What is required:
Each line of the data below from the one holding "image for item" to the one holding "ON300 Surge Protector T1+T2 B+C 4P", inclusive, is to be reproduced exactly; no other line belongs in the answer.

Dataset entries:
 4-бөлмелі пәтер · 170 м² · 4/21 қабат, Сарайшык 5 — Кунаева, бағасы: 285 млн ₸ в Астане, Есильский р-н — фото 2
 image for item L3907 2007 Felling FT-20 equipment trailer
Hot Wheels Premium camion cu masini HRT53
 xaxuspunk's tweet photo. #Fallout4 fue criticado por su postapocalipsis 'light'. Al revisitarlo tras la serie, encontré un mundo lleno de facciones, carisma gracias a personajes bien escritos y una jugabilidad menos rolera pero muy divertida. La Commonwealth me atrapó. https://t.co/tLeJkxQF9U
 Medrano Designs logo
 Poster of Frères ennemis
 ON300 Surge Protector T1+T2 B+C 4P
--
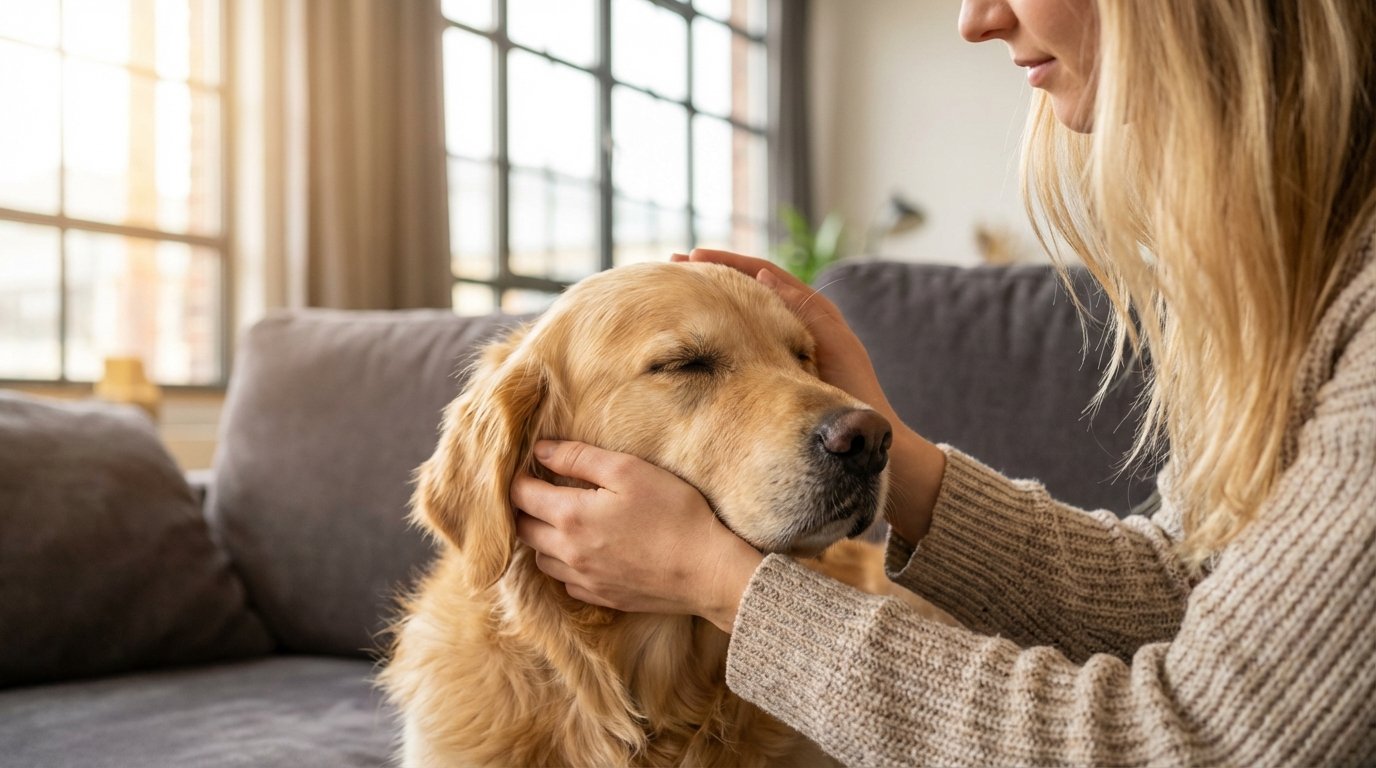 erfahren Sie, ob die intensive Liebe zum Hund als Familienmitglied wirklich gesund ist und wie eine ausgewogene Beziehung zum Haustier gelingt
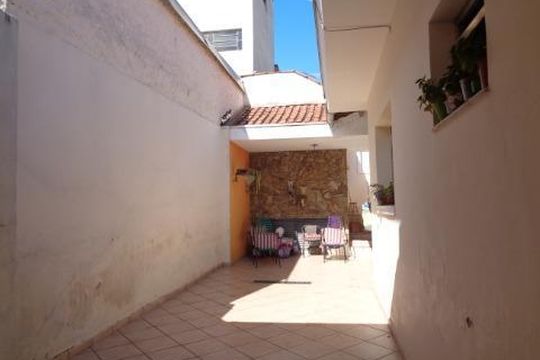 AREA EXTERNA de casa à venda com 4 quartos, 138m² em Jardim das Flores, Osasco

Answer below:
 image for item L3907 2007 Felling FT-20 equipment trailer
Hot Wheels Premium camion cu masini HRT53
 xaxuspunk's tweet photo. #Fallout4 fue criticado por su postapocalipsis 'light'. Al revisitarlo tras la serie, encontré un mundo lleno de facciones, carisma gracias a personajes bien escritos y una jugabilidad menos rolera pero muy divertida. La Commonwealth me atrapó. https://t.co/tLeJkxQF9U
 Medrano Designs logo
 Poster of Frères ennemis
 ON300 Surge Protector T1+T2 B+C 4P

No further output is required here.